**What you have to do:** In the output, include exactly the lines from the beginning of the records up to and including the one that contains "PODSTAWY BUDOWNICTWA PLANSZE", and leave out the pictures.

--- Input records ---

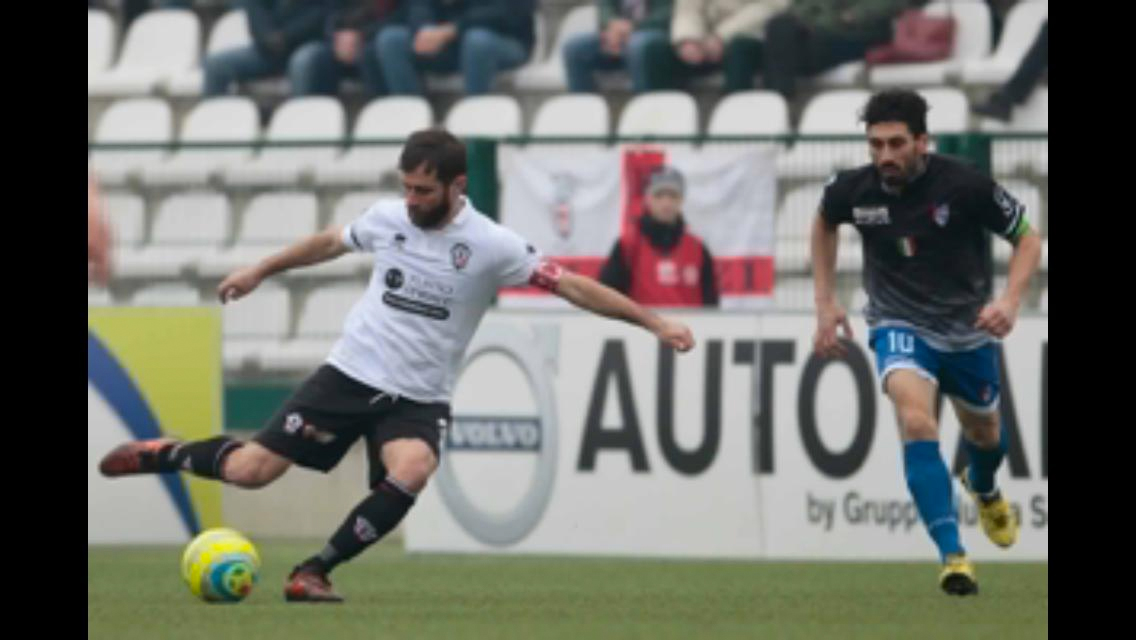 Pro Vercelli: sfumata la quinta vittoria consecutiva
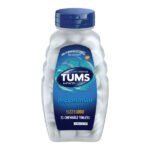 Tums Ultra Strength 1000 Peppermint Antacid Chewable 72 Tablets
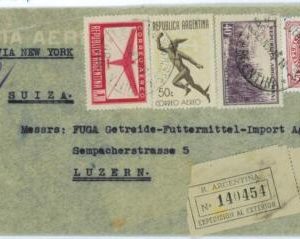 aa2992 - ARGENTINA - POSTAL HISTORY - Registered  COVER to SWITZERLAND 1944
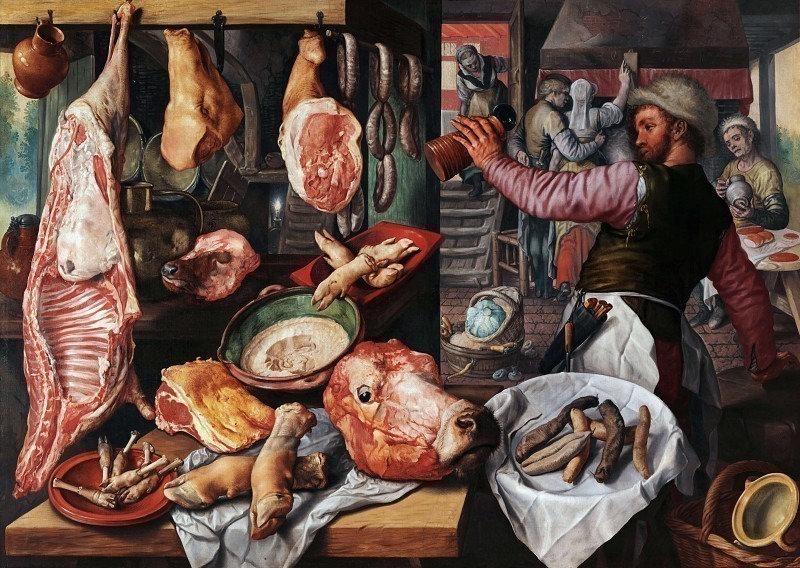 The Butchers Shop. Joachim Beuckelaer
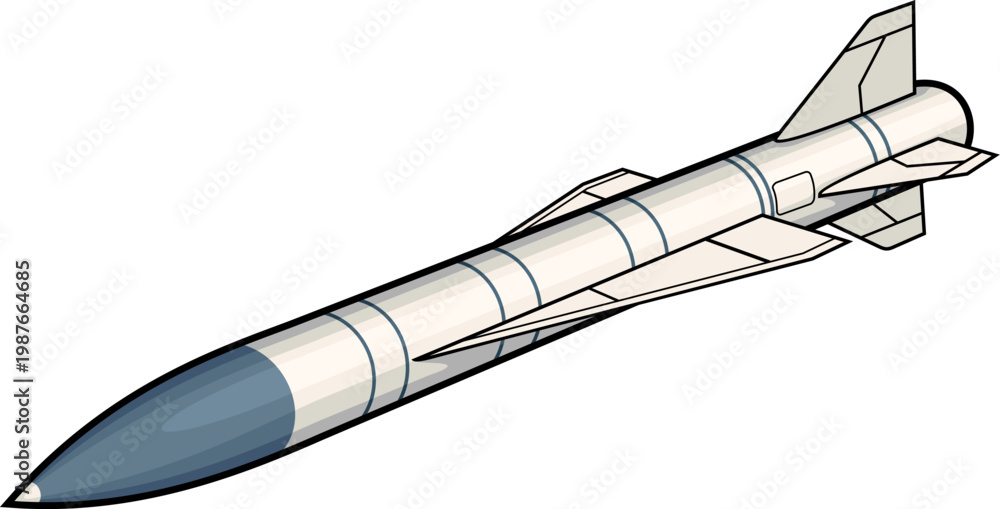 Obraz premium Kh-22 X-22 Anti-ship cruise missile, vector illustration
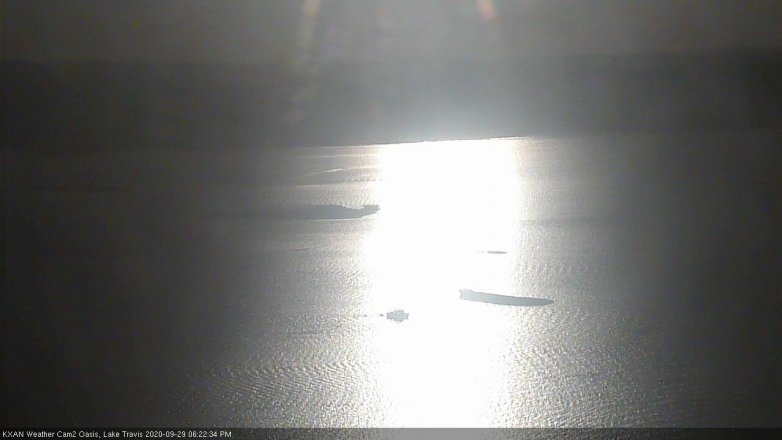 Lake Travis webcam, September 29, 2020 6:25 PM CT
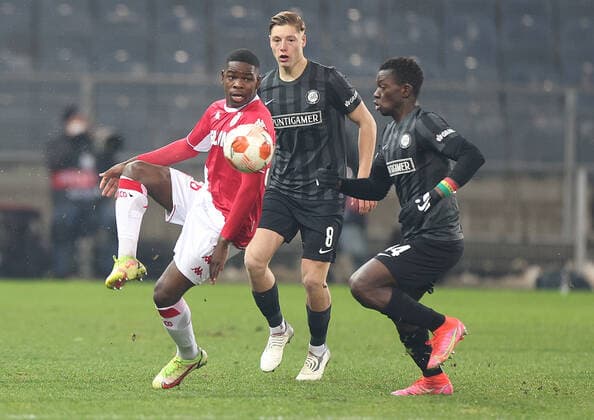 SOCCER - UEFA EL, Sturm vs Monaco GRAZ,AUSTRIA,09.DEC.21 - SOCCER - UEFA Europa League, group stage, SK Sturm Graz vs AS Monaco. Image shows .  GEPAxpictures xChrisxBauer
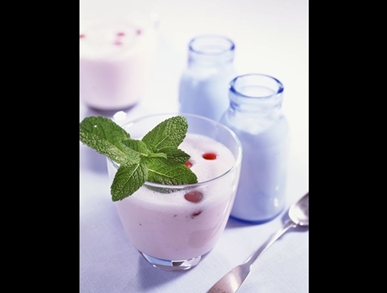 Jogurtový koktejl s cranberries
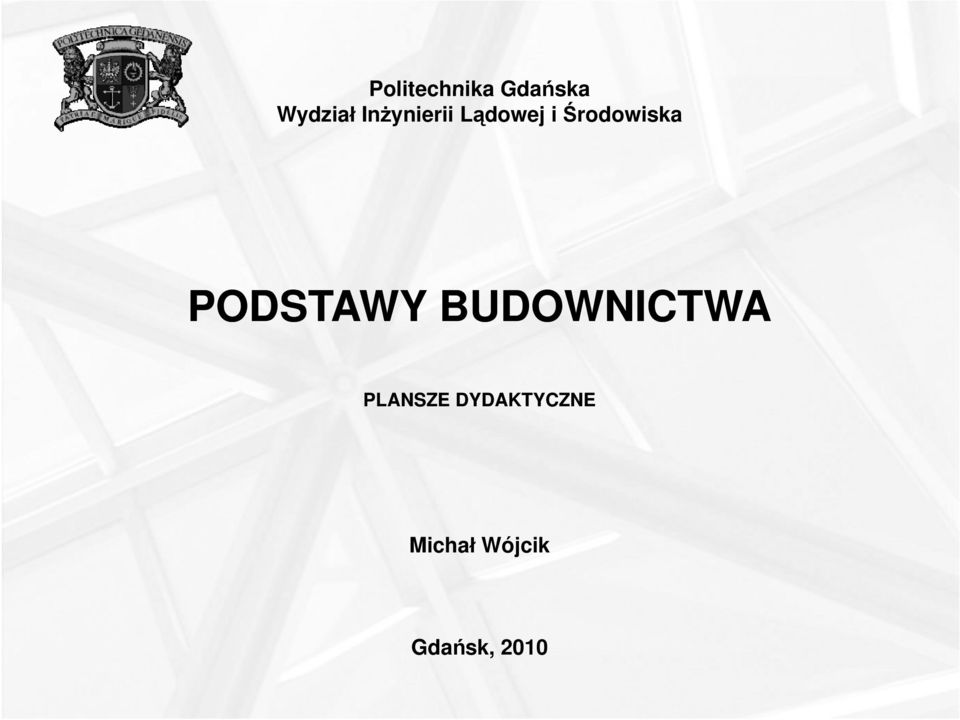 PODSTAWY BUDOWNICTWA PLANSZE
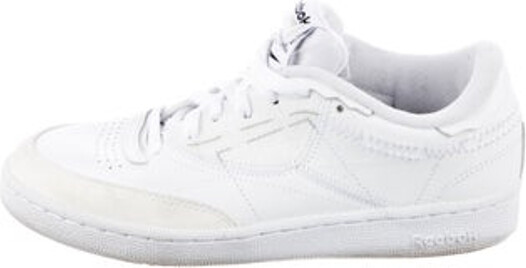 Maison Margiela x Reebok Leather Low Top Sneakers White Round-Toes Lace-Up Closure at Uppers Unfortunately, due to restrictions, this item may not be eligible for shipping in all areas.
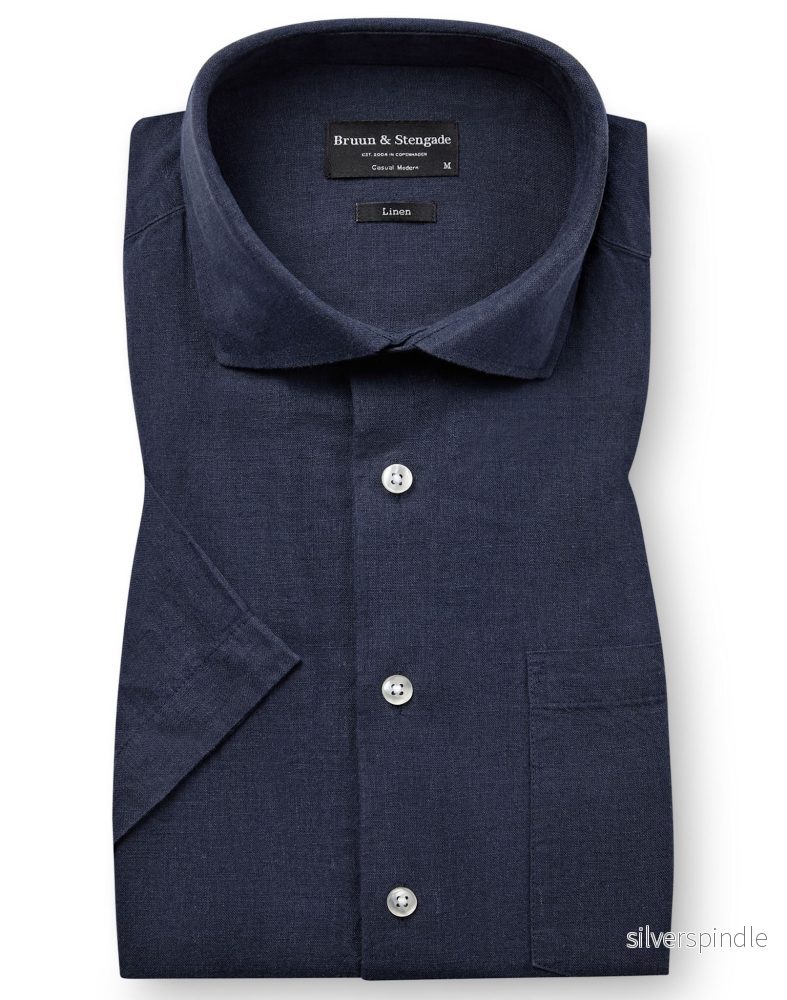 BS Bardet Casual Modern Fit Skjorta – Navy BS Bardet Casual Modern Fit Skjorta – Navy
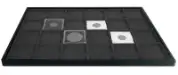 Elegant 2x2 Display Tray and Jewelry Pad - (Black / 24 Slots)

---

**Written reply:**
 Pro Vercelli: sfumata la quinta vittoria consecutiva
 Tums Ultra Strength 1000 Peppermint Antacid Chewable 72 Tablets
 aa2992 - ARGENTINA - POSTAL HISTORY - Registered  COVER to SWITZERLAND 1944
 The Butchers Shop. Joachim Beuckelaer
 Obraz premium Kh-22 X-22 Anti-ship cruise missile, vector illustration
 Lake Travis webcam, September 29, 2020 6:25 PM CT
 SOCCER - UEFA EL, Sturm vs Monaco GRAZ,AUSTRIA,09.DEC.21 - SOCCER - UEFA Europa League, group stage, SK Sturm Graz vs AS Monaco. Image shows .  GEPAxpictures xChrisxBauer
 Jogurtový koktejl s cranberries
 PODSTAWY BUDOWNICTWA PLANSZE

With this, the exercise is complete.